Input data:

===

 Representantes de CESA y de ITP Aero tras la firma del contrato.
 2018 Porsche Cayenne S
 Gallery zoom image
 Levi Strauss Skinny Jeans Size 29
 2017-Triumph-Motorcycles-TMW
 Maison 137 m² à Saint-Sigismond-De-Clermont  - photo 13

===

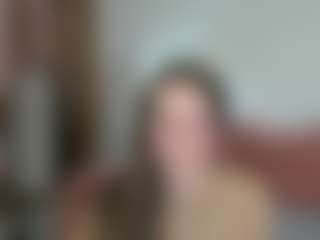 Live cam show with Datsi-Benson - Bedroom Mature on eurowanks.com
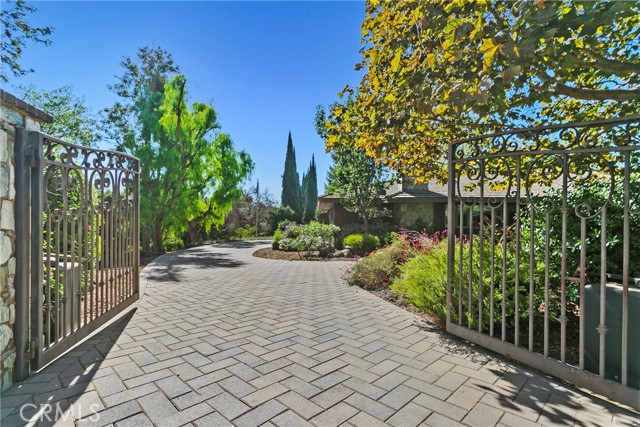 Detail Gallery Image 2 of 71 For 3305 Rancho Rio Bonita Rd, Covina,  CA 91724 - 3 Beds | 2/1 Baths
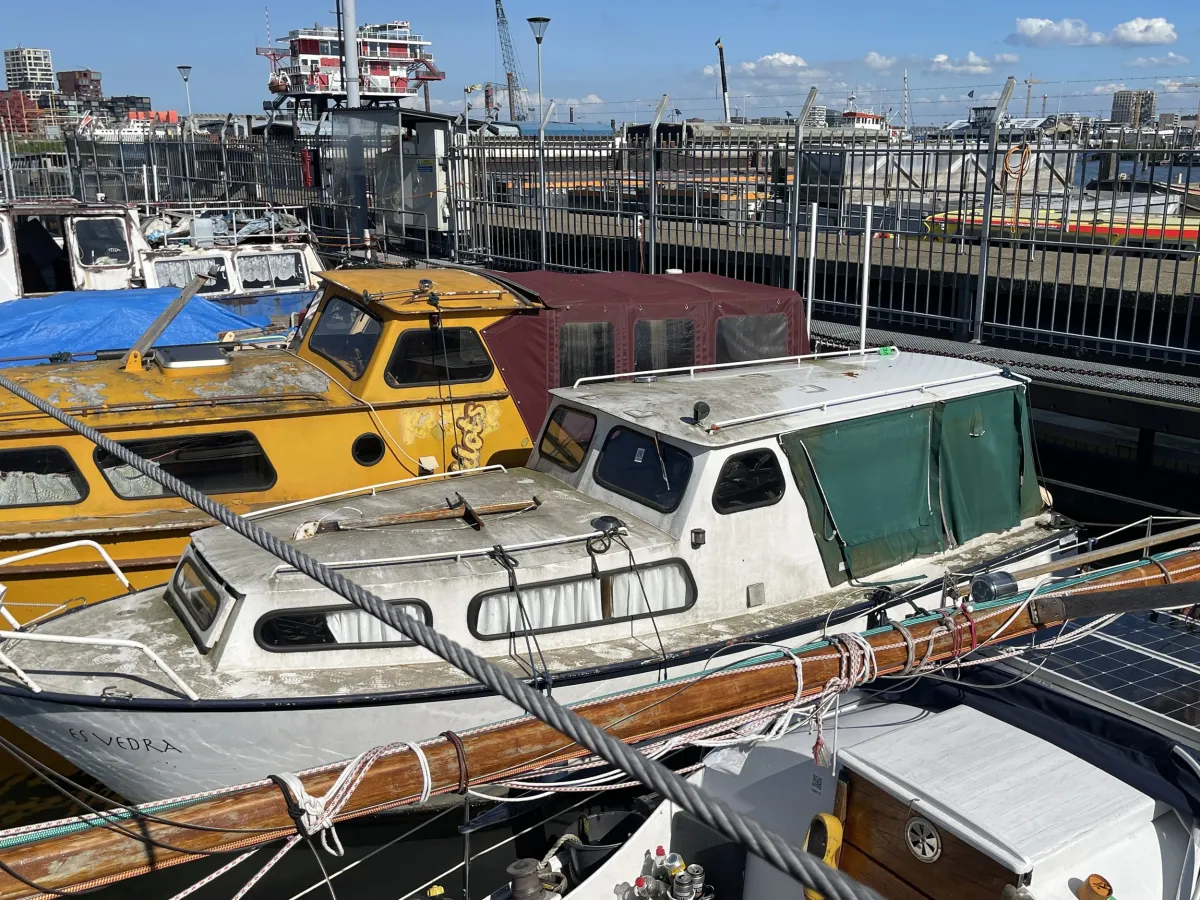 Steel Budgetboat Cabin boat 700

===

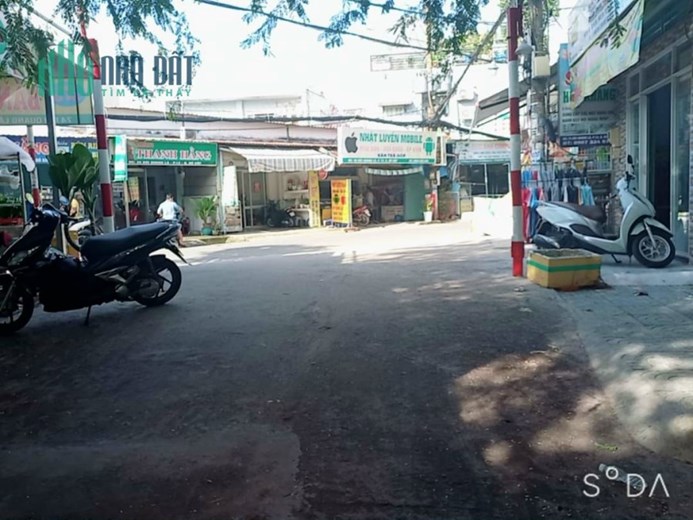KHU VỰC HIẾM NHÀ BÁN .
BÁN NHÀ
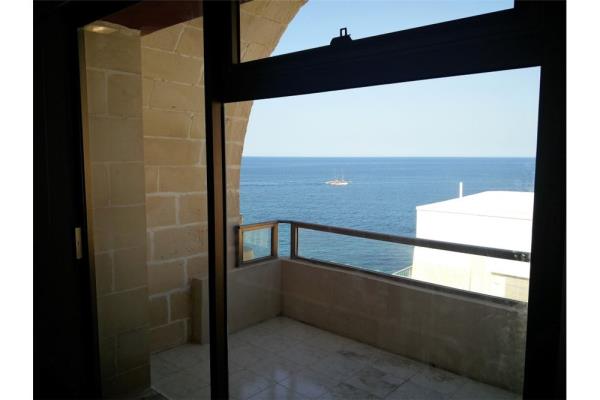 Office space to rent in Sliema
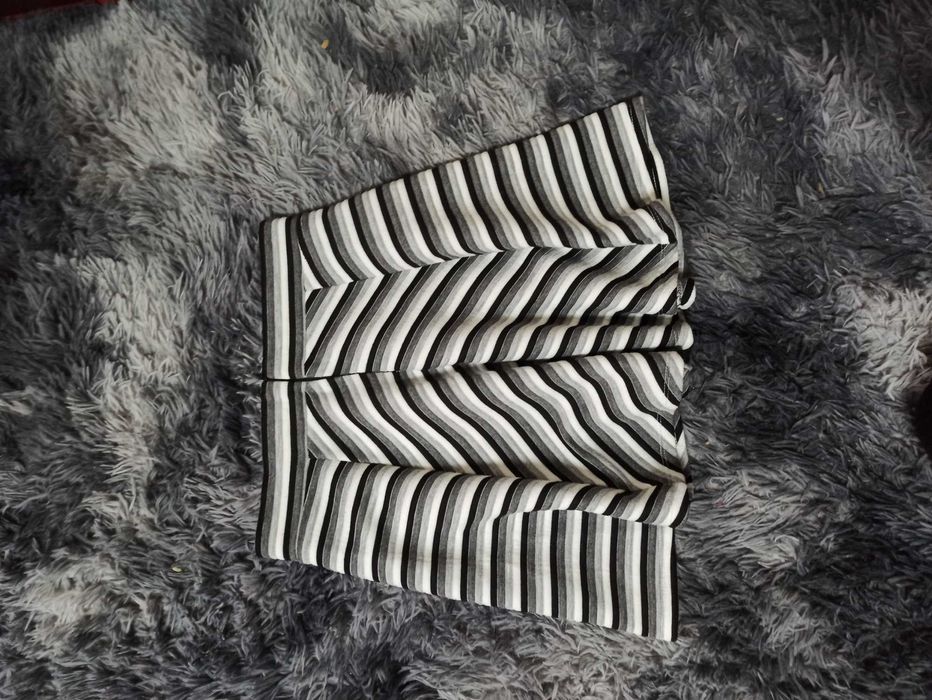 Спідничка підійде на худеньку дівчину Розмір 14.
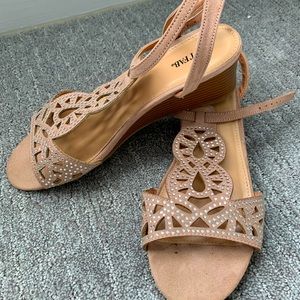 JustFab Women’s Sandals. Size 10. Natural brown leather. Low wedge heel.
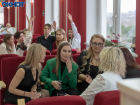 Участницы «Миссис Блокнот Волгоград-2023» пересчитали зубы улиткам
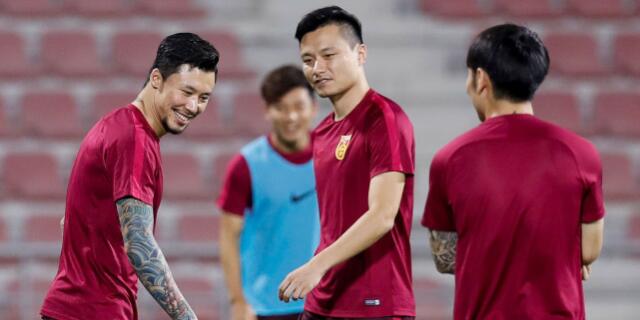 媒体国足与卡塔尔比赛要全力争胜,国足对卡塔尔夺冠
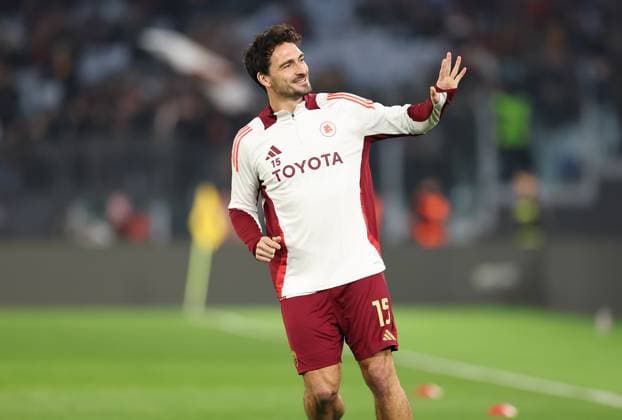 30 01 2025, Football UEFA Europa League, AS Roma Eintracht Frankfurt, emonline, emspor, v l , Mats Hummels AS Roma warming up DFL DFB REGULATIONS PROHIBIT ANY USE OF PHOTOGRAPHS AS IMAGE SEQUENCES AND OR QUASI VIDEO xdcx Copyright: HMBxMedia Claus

===

Task brief: Look above for the line with "Live cam show" and the line with "Steel Budgetboat Cabin boat 700". Copy them and every line between, exactly, but no pictures.

Written answer:
 Live cam show with Datsi-Benson - Bedroom Mature on eurowanks.com
 Detail Gallery Image 2 of 71 For 3305 Rancho Rio Bonita Rd, Covina,  CA 91724 - 3 Beds | 2/1 Baths
 Steel Budgetboat Cabin boat 700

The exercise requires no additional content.